Dr. Elisabeth Rosenthal was an emergency room physician and health care reporter before writing New York Times bestseller “An American Sickness: How Healthcare Became Big Business and How You Can Take It Back.” She says health care prices have soared, accessing care is getting more complex, and choices of doctors and health care networks is getting narrower. 

This conversation has been edited for clarity and time. 

Q: People have talked about health care costs rising for a long time. What makes 2018 different than 2008 or 1998?

Well I think some really important issues have come up. First of all, we have more and more people on high deductible, high co-pay plans, so I think the advent of high deductible plans has made people feel their health care costs and be outraged by them. Also, think about the new AIDs drugs in the 1990s, which transformed AIDS overnight from a deadly illness to a chronic, controllable condition — cost $10,000 a year. Now there are just average, ordinary drugs that don’t work very well that cost three times that. So the level of price inflation has gotten so extreme. 

Q: You devote the second half of your book to solutions, including things patients can do. What’s one thing that people could do differently right away that might help them take control of their medical costs?

Get your doctor to send your lab test in-network.

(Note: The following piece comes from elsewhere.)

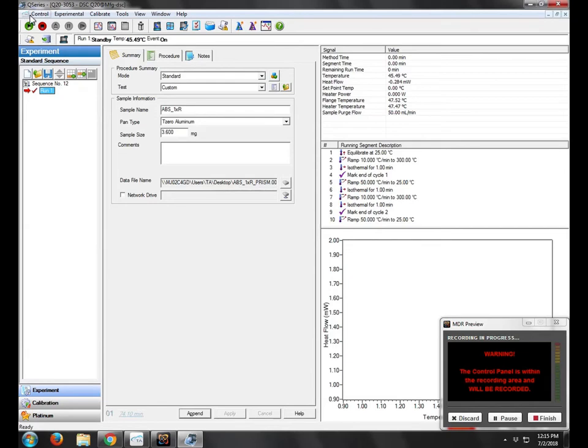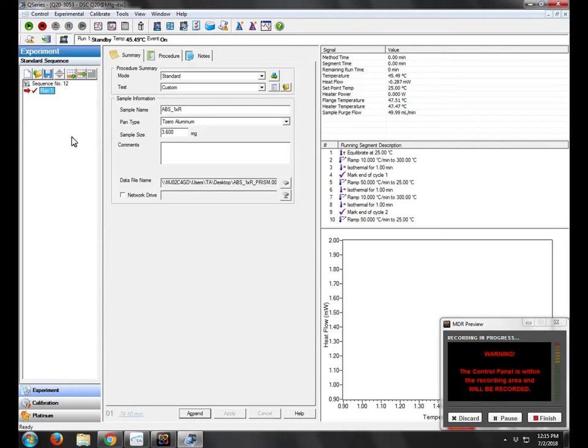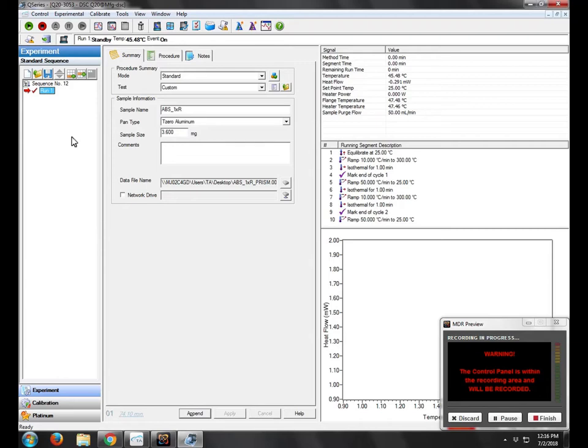We also want to do Control, Go to Standby Temp. This will make sure that the flange, that the cell actually doesn't go to a very cold temperature because we'll have a condensation issue inside the cell. So the flange will go to about minus 70, minus 80 degrees Celsius, but the chamber will not.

Get your doctor to send your x-rays to the cheaper providers. Look at the hospital bills. We know 50 to 80 percent of them contain errors. Do what you do with your restaurant bill.

Q: You’ve also described a lot of hidden costs related to hospital stays. Can you talk about that? 

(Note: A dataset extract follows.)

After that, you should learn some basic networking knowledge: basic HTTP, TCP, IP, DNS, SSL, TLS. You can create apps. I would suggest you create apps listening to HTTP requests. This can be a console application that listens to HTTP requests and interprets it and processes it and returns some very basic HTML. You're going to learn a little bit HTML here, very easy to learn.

This is a big ask for patients, but I think there are things you can do. For example, when you first go into a hospital you’re often asked to sign a pile of forms that says “I consent to pay for anything that my insurer doesn’t cover.” I tell everyone to add a clause there saying “so long it is in my insurance network.” I’ve had patients do it who have said that it’s helped them when they say to the hospital, “I’m not going to pay this bill, because I didn’t agree to pay for it.” This is a contract you’re signing, and you can protect yourself in this way.  

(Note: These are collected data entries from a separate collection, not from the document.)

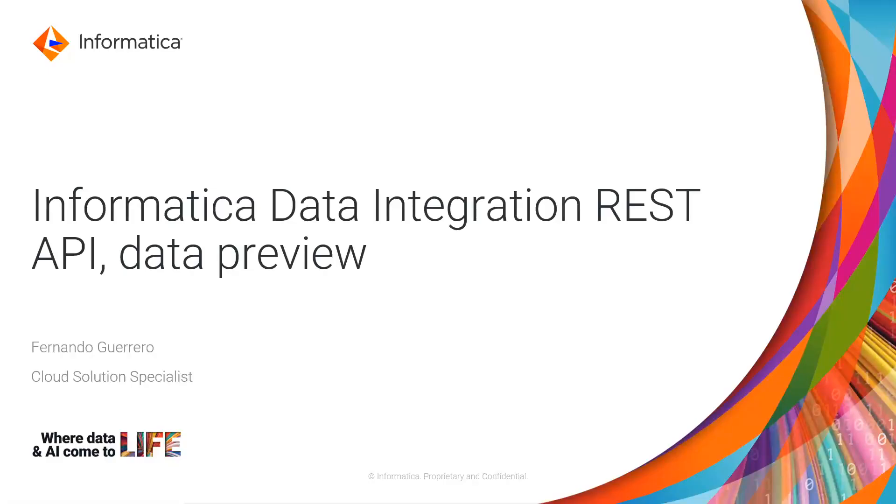Hello, welcome to another Informatica video tutorial. My name is Fernando Guerrero. I am a Cloud Solution Specialist and we are going to talk about the Informatica Data Integration REST API, specifically about the data preview call.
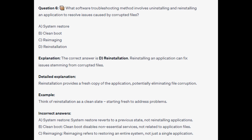For the incorrect answers: System Restore reverts to a previous state, not reinstalling applications. Clean Boot disables non-essential services, not related to application files. And Reimaging refers to restoring an entire system, not just a single application.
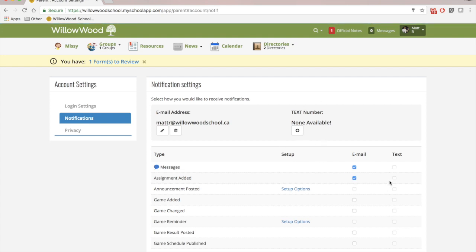And if I put in a phone number, I can click on text over here. Some parents might find it useful to know when a game has been added or changed and even receive a game reminder.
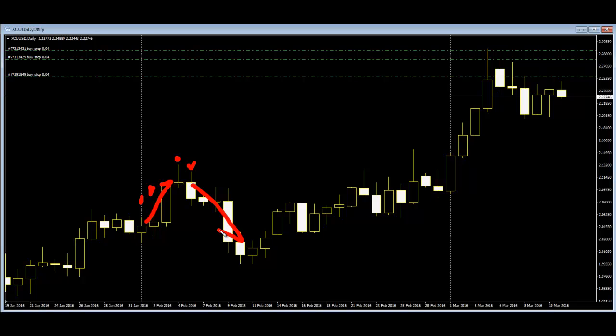This candlestick pattern is just checking the shadow length. This is a very easy way to read the chart — you can take profit using this method. Thank you.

Q: I found it interesting what you had to say about the role doctors can play in cutting costs. What should doctors be doing differently?

They need to make price part of their thinking, part of their knowledge base. It’s not taught in medical schools. When I go speak in medical schools or to young doctors or residents, they all say “We want to know the prices. We want prices on order sheets.” Because they know it’s affecting patients. They’re very conscious of it. They’re just not given that information. Older doctors find it uncomfortable to talk price, but becuase of that discomfort they’re frequently in the position now where they’ll write a prescription for a cream or a pill and their patients will call and say, “Hey, doc, do you know that that now costs $1,000?” And they don’t know. So I think price is now making its way into doctors’ mindsets, but it’s an uncomfortable conversation. It doesn’t have to be. 

This conversation is the first in a series of interviews with authors and other experts who write about health care.